One of the things that really pulls me into a story and transports me to a fantastical or future setting is the language, specifically the invented slang and terminology for various things. For example in Star Trek we have “phasers,” “beaming,” “transporters,” “replicators,” “tricorders,” “hyposprays,” “Jefferies tubes,” “Turbolifts,” and on and on. Firefly didn’t have as much tech to name, but had a wealth of other slang such as “shiny,” “brown coats,” “the Alliance,” “reavers,” “core planets,” “the rim,” and so on.

For me this is one of the hardest things to do, authentically and with any originality. My mind tends to be too literal.
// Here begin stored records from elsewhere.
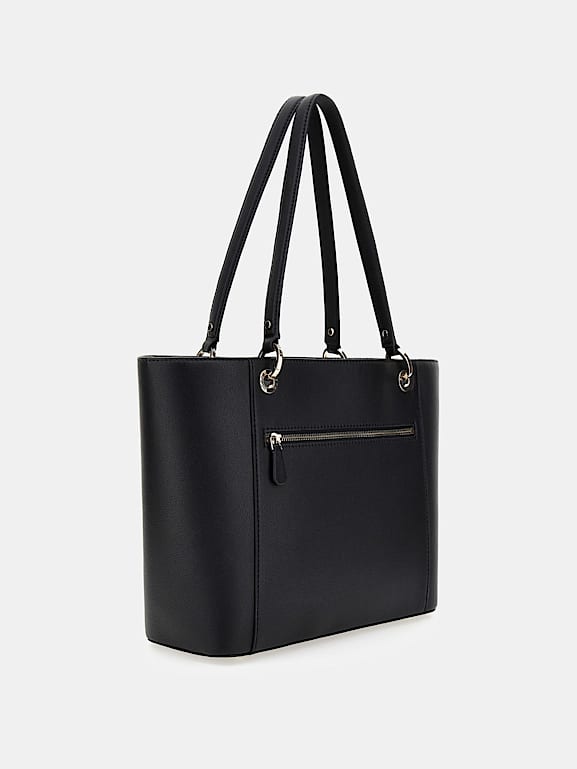 Guess NOELLE ELITE TOTE - Bolso shopping - black/negro 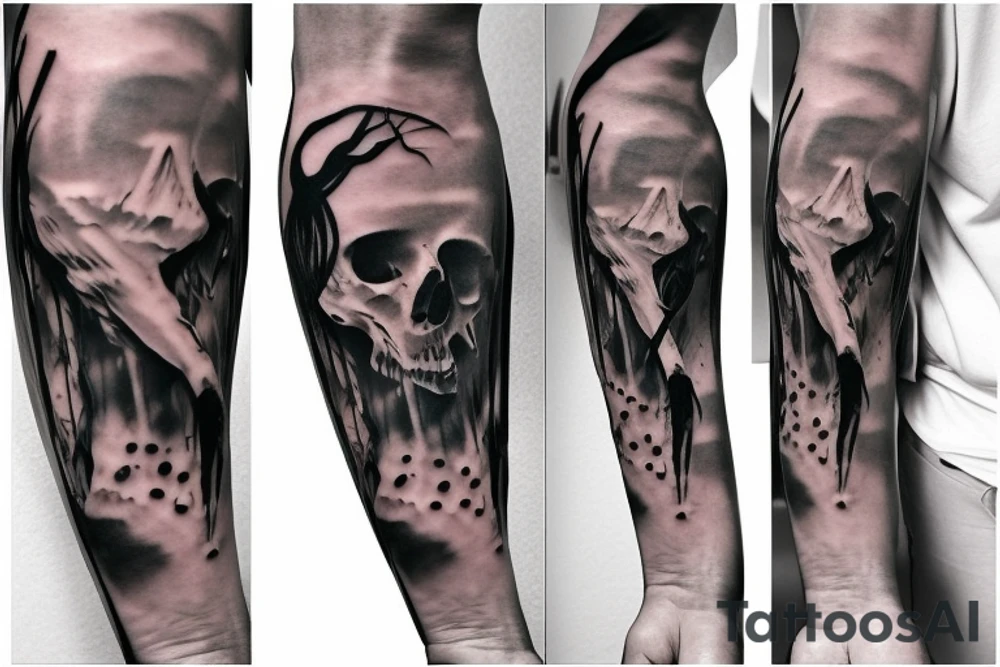 3d forearm cover up tattoos tattoo idea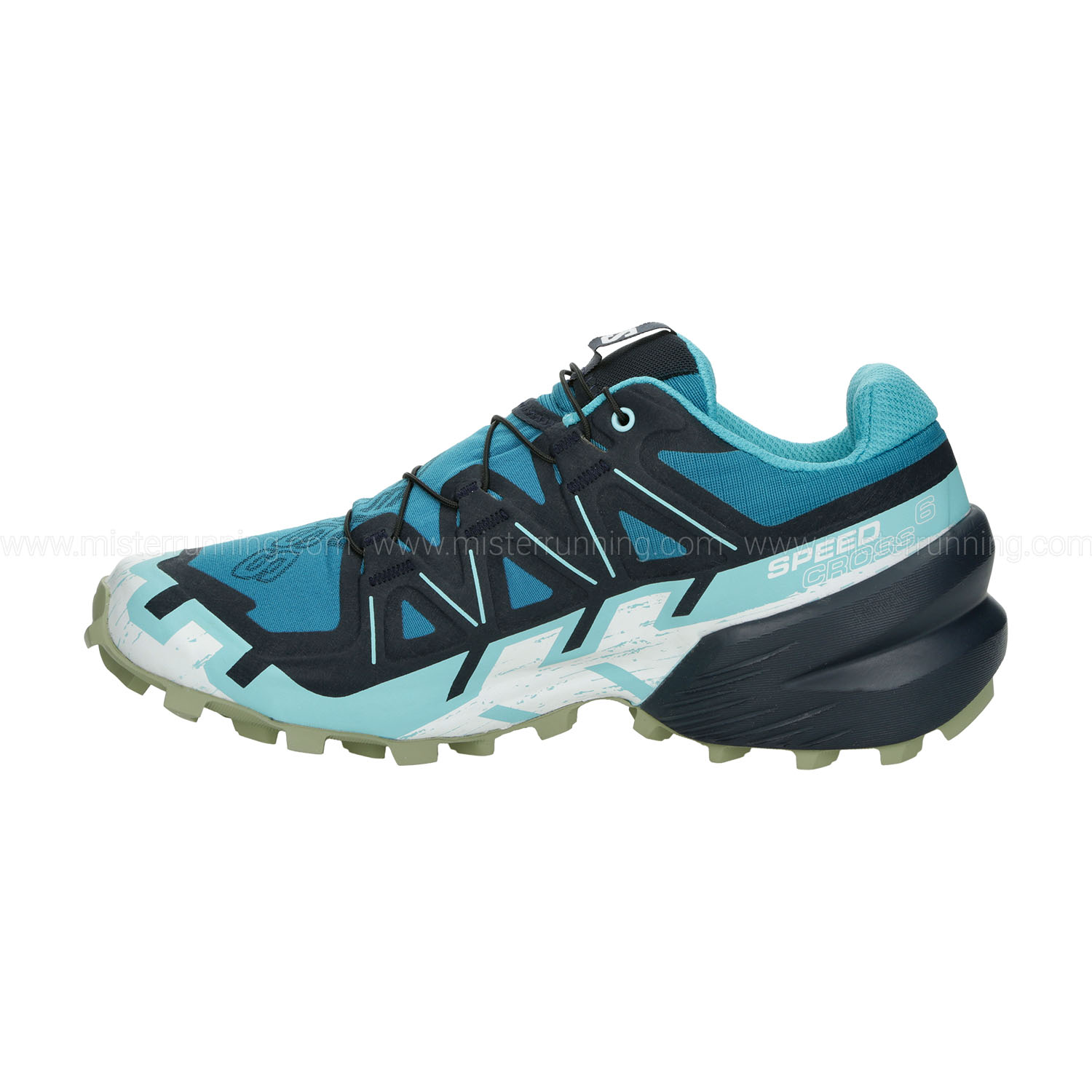 Salomon Speedcross 6 - Tahitian Tide/Carbon/Tea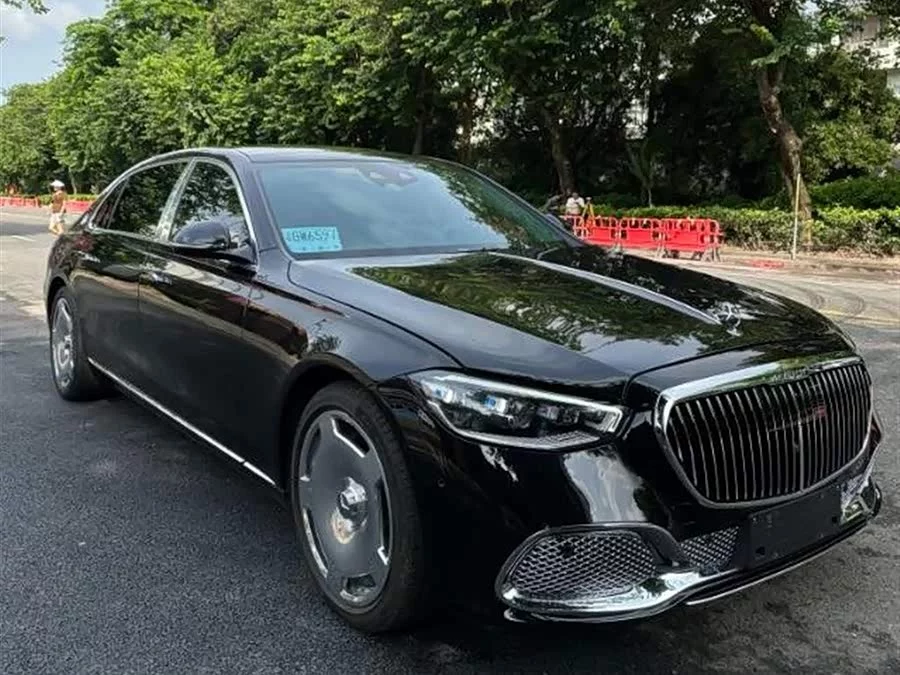 Mercedes Benz Maybach S-Class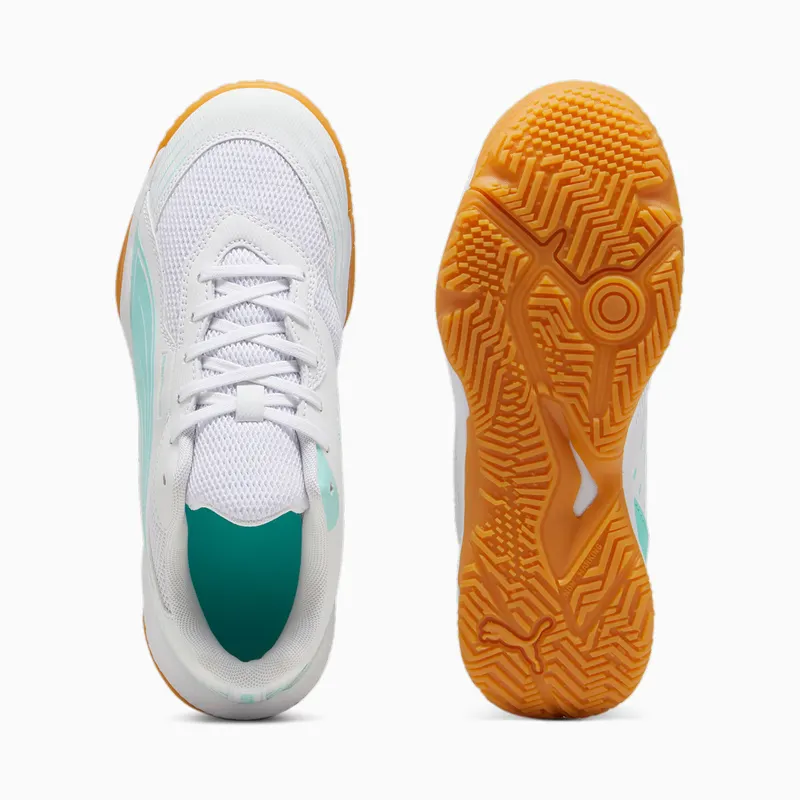 Puma Solarflash III zaalschoenen Wit (107851-04)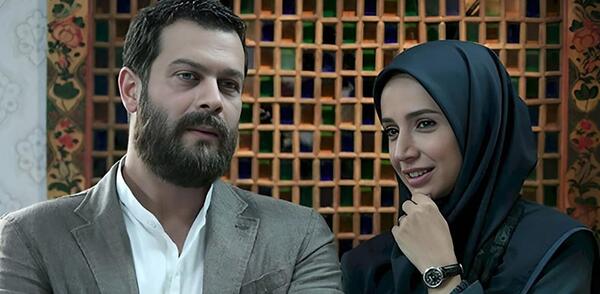 عکس امیرعلی در بیگانه ای با من است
And yet this is one of the aspects I most like about science fiction, imagining how language will change with the passing of time.

Big shows don’t always get it right, either, although I suspect they don’t want to take it too far and risk alienating (no pun intended) their audience. I found a line in Star Trek: Voyager ep, “Demon” a bit jarring. While Tom Paris and Harry Kim are on the demon-class planet, Tom attempted a joke, which Harry declared “lame.” And I thought, who is still going to be saying “lame” in 500 years? Probably no one, at least not in this context. Consider what the English language sounded like 500 years ago. Shakespeare’s jokes are often lost on modern ears. I understand they had to straddle the line between appealing to today’s audience and envisioning the future, as we all do. If it’s too strange, they’ll miss the meaning or misconstrue the tone of friendly banter. But if it’s too contemporary the story will quickly become dated, and the terms can destroy that suspension of disbelief. I don’t mean to pick on Voyager, it just happens to be fresh in my mind from watching it a couple days ago.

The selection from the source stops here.